Master-Slave Multiprocessor

In this multiprocessor model, there is a single data structure that keeps track of the ready processes. In this model, one central processing unit works as a master and another as a slave. All the processors are handled by a single processor, which is called the master server.

Multiple Processors Scheduling in Operating System

The master server runs the operating system process, and the slave server runs the user processes. The memory and input-output devices are shared among all the processors, and all the processors are connected to a common bus. This system is simple and reduces data sharing, so this system is called Asymmetric multiprocessing.

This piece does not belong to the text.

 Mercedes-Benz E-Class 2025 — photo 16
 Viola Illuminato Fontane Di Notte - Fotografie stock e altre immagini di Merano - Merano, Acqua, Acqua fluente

Virtualization and Threading

In this type of multiple processor scheduling, even a single CPU system acts as a multiple processor system. In a system with virtualization, the virtualization presents one or more virtual CPUs to each of the virtual machines running on the system. It then schedules the use of physical CPUs among the virtual machines.

  • Most virtualized environments have one host operating system and many guest operating systems, and the host operating system creates and manages the virtual machines.
  • Each virtual machine has a guest operating system installed, and applications run within that guest.
  • Each guest operating system may be assigned for specific use cases, applications, or users, including time-sharing or real-time operation.
  • Any guest operating-system scheduling algorithm that assumes a certain amount of progress in a given amount of time will be negatively impacted by the virtualization.
  • A time-sharing operating system tries to allot 100 milliseconds to each time slice to give users a reasonable response time. A given 100 millisecond time slice may take much more than 100 milliseconds of virtual CPU time. Depending on how busy the system is, the time slice may take a second or more, which results in a very poor response time for users logged into that virtual machine.
  • The net effect of such scheduling layering is that individual virtualized operating systems receive only a portion of the available CPU cycles, even though they believe they are receiving all cycles and scheduling all of those cycles. The time-of-day clocks in virtual machines are often incorrect because timers take no longer to trigger than they would on dedicated CPUs.
  • Virtualizations can thus undo the good scheduling algorithm efforts of the operating systems within virtual machines.